Online games market research

The IGDA commissioned an Online Games Committee to address the needs of game developers concerning online games. The purpose of the Online Games White Paper is to provide online games market statistics, business model descriptions, technology summaries and publisher listings. Additionally, this White Paper provides online games case studies and reference resources.
You need to be an IGDA member to get the white paper, so I haven't read it yet. But decent market research is definitely one of the few things that might make an IGDA membership interesting to me.

In-Stat/MDR has released an online gaming report. Some of the conclusions from their press release:

The high-tech market research finds that while online gaming won't take over the world, even a moderate number of gamers (such as 10% of the game consoles), playing for relatively short periods of time (5 hours a week), would consume more than 5% of all of the American Backbone Traffic by the end of 2003.


The biggest risk to any company that is even marginally affected by online gaming is to dismiss it out of hand or put plans on the backburner until they think it matures. There are a lot of companies that are working very hard to grow this industry quickly so, odds are, they will help to move things along, faster than some expect.


The combined data throughput for both paid and free online console gamers will top 285 Petabits a month by 2007. At the same time, the paid console subscriptions will bring in just under $650 Million. However, as it currently stands, none of that money will end up with the broadband providers that are handling these hundreds of Petabits of additional data.

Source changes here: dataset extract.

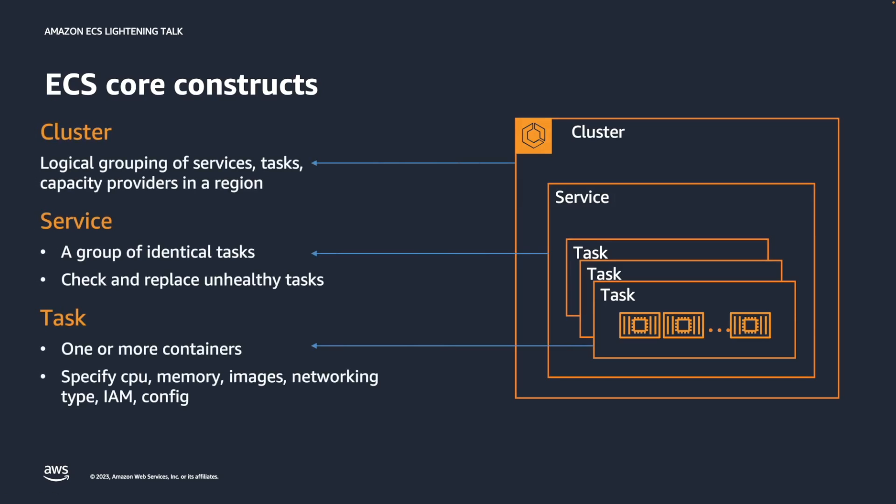You can see each component's correlation here. In a bit more detail, a cluster is a logical grouping of services and tasks in a specific AWS region. In terms of ECS service, it means one or more identical tasks. A service maintains your desired number of tasks simultaneously in an ECS cluster.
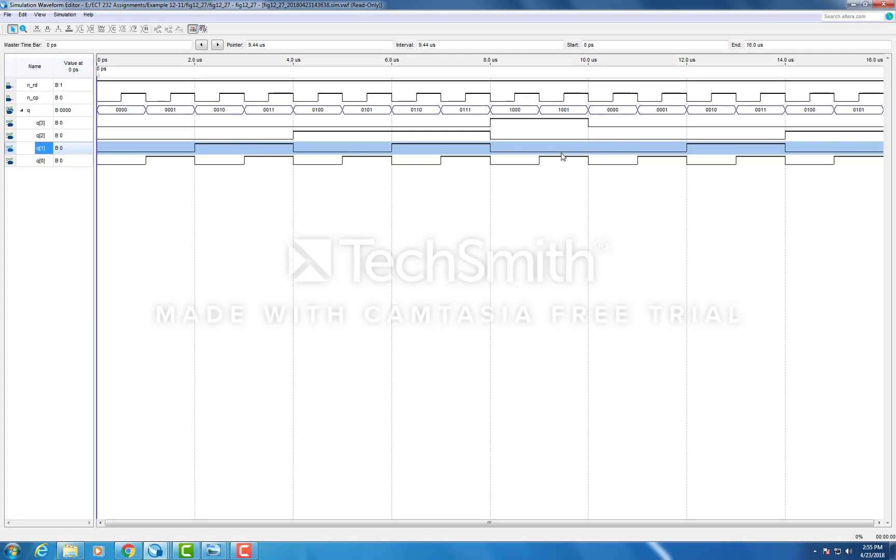And this glitch happens because for one iteration of the process loop, Q equals 10. But for the next time around, it will be set to zero.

You can read the abstract for free. The whole report costs $2,495.

Gotta catch 'em all

According to BoingBoing, the US Department of Defense has issued US soldiers decks of playing card-sized cards with the 55 most-wanted Iraqi leaders on them. However, their link to the DoD site doesn't work. Various other sites use the same link and have the same problem, so it looks as if the news item has been removed.

Update: By now, you too may have received spam about actually buying "the World's Most Wanted Deck of Playing Cards", which is not a bad pun in a way. "Own A Piece of History! Destined To Become a Valuable Collector's Item!" Sheesh.

Dance and 3D technology

Kaydara announced that famous ballet troupe La La La Human Steps integrated their technology into Amelia, its latest ballet production.

Several years ago, famous choreographer Merce Cunningham usedUnreal Pictures' Character Studio and LifeForms in some of his dance pieces.

It's interesting to read about this integration of dance and 3D technology from the point of view of the dance world.

Update: Leslie Bishko, computer animator, Certified Laban Movement Analyst, and associate professor of animation at the Emily Carr Institute of Art + Design, together with Jana Wilcoxen, held a tutorial at GDC this year called "Making Characters Move: Expressive Character Acting Through Laban Movement Analysis". So while other people are applying computer animation to dance, LMA, which came out of dance, is now being applied to computer animation.